Justice needs to be served, but humans could never fully pay for the wrong done. Perfect justice would require all to die and never see life again, banished from God forever.
However, a perfect person could take our place. So, we dig for a perfect person. None was ever and will never be found. Every other human being is bad, bent and broken too. No other human being could take your place or my place or anyone’s place. Such a conundrum!
But good news for such a hideous conundrum, the good news is the Good News, the Gospel. The message of Christmas is the grand but humble entrance of this Good News.
A fully human baby with a fully God nature was conceived and born. Remember Jesus had no human dad, rather he was conceived in Mary by the Spirit of God!
Unlike half-baked ancient myths of half mortal beings and half god creatures, Jesus was fully human and fully God!
Being fully human, he satisfied the requirement for being human, but without a fallen human nature. Fully human meant that he could represent humanity and connect with us. He could identify with our struggles and our emotions, our pain and our joy, our temptations and our trials. Being fully human circumvented his amazing glory that would overwhelm and frighten mere mortals.
Being fully God meant he had God’s nature, he was fully perfect and unmarred by human sin. In addition, his Godhood identity made him worth way more than anyone of us individually or even as a group. Thus, he could take punishment in place of any and all who would receive his pardon.
The paradox of Jesus’ nature is nicely summed up by G.K. Chesterton in his book titled “Orthodoxy.” In chapter six, “The Paradoxes of Christianity,” he first shows why a mixture of two things has a weakness, and then he shows why this was not the case for Jesus the Messiah.

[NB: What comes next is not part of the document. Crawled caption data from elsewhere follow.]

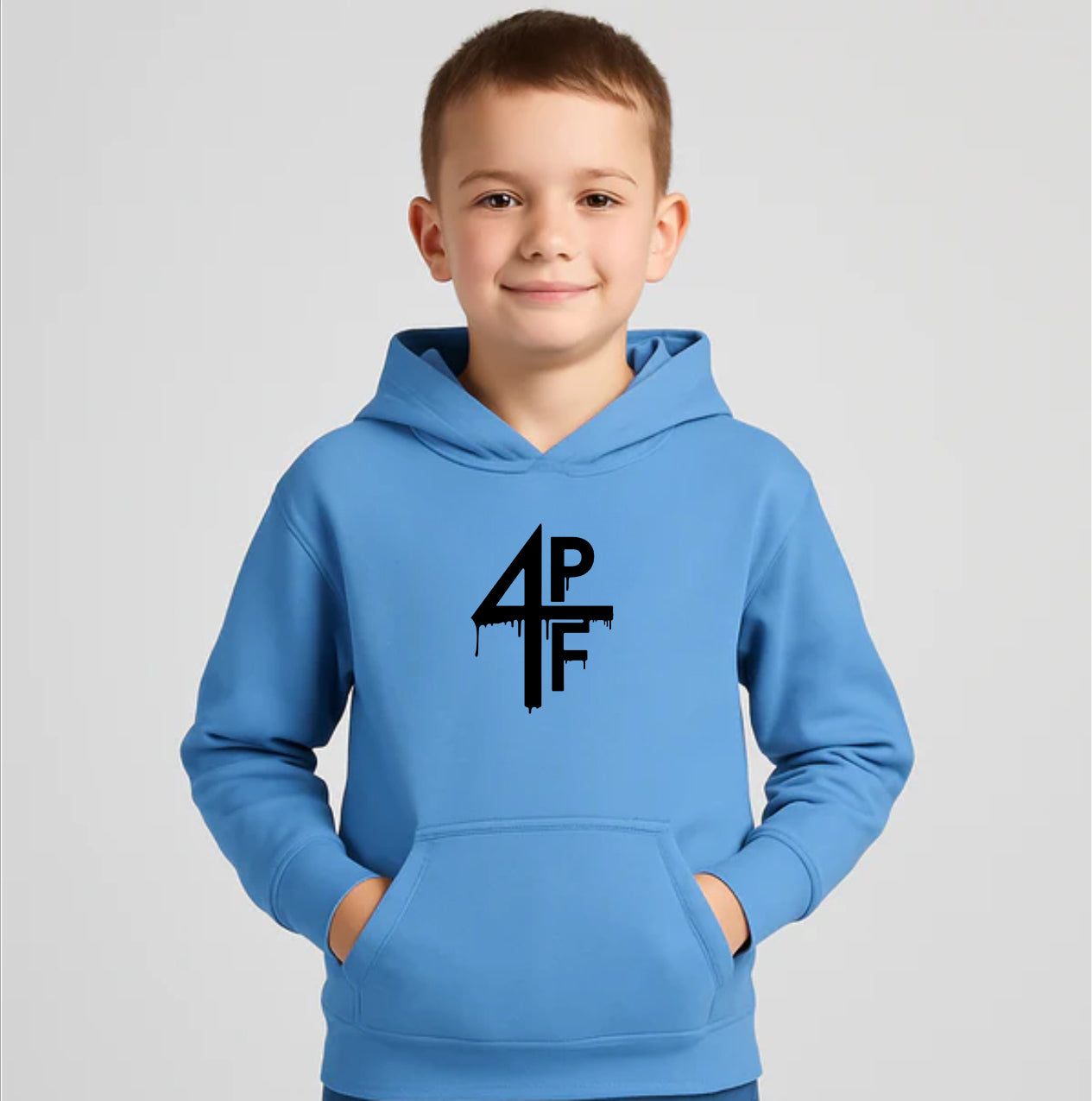 Youth Kids 4PF Pullover Hoodie
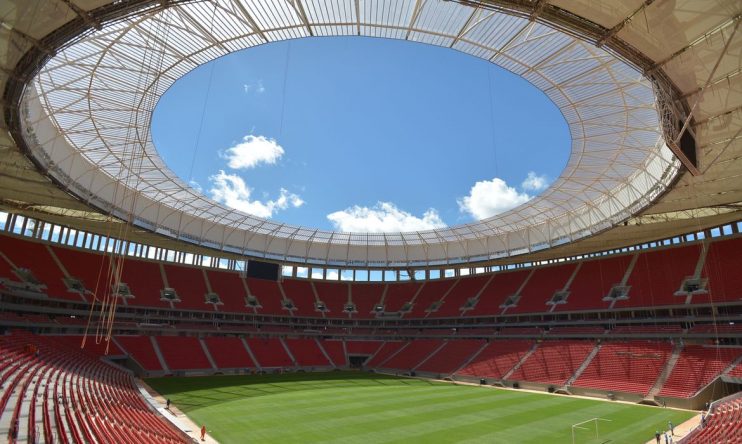 Governo confirma Copa América no Brasil e anuncia sedes 9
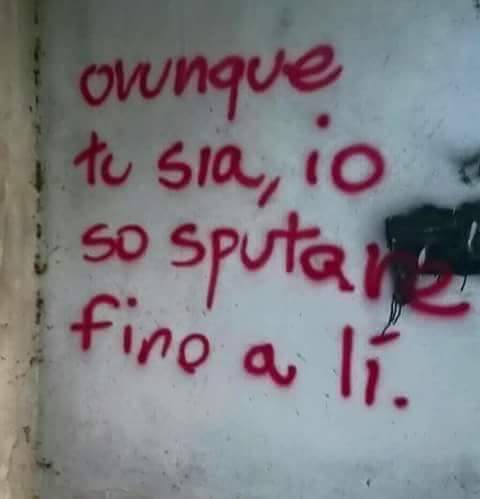 Un amore che dura per sempre…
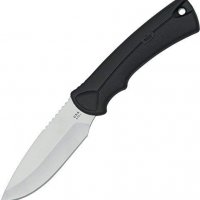 Ловен нож БЪК (BUCK  679 ) стомана 420 НС,размери 104х220 мм, снимка 2 - Ножове - 28110548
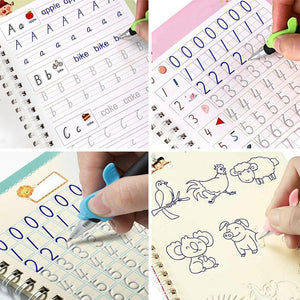 Cahier de pratique magique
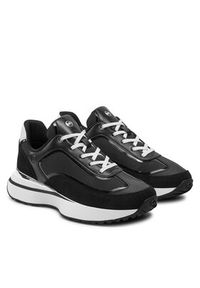 MICHAEL Michael Kors Sneakersy 43S4ARFS3S Czarny. Kolor: czarny. Materiał: skóra #5
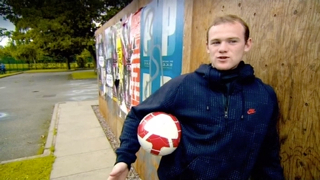 Wayne Rooney\'s Street Striker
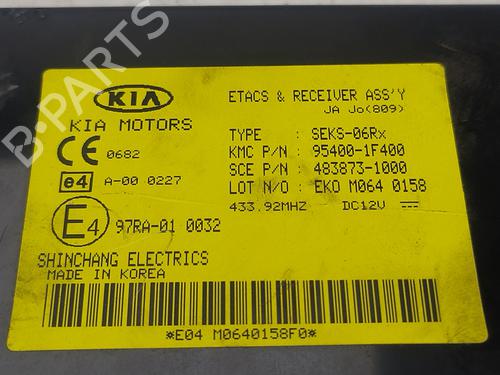 Electronic module KIA SPORTAGE II (JE_, KM_)  | BP29523081M83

First, he says, “Being a mixture of two things, it is a dilution of two things; neither is present in its full strength or contributes its full colour.” A little later he writes, “Here, again in short, Christianity got over the difficulty of combining furious opposites, by keeping them both, and keeping them both furious.” And concerning the topic of Jesus, he says this “But I need not remind the reader that the idea of this combination is indeed central in orthodox theology. For orthodox theology has specially insisted that Christ was not a being apart from God and man, like an elf, nor yet a being half human and half not, like a centaur, but both things at once and both things thoroughly, very man and very God.”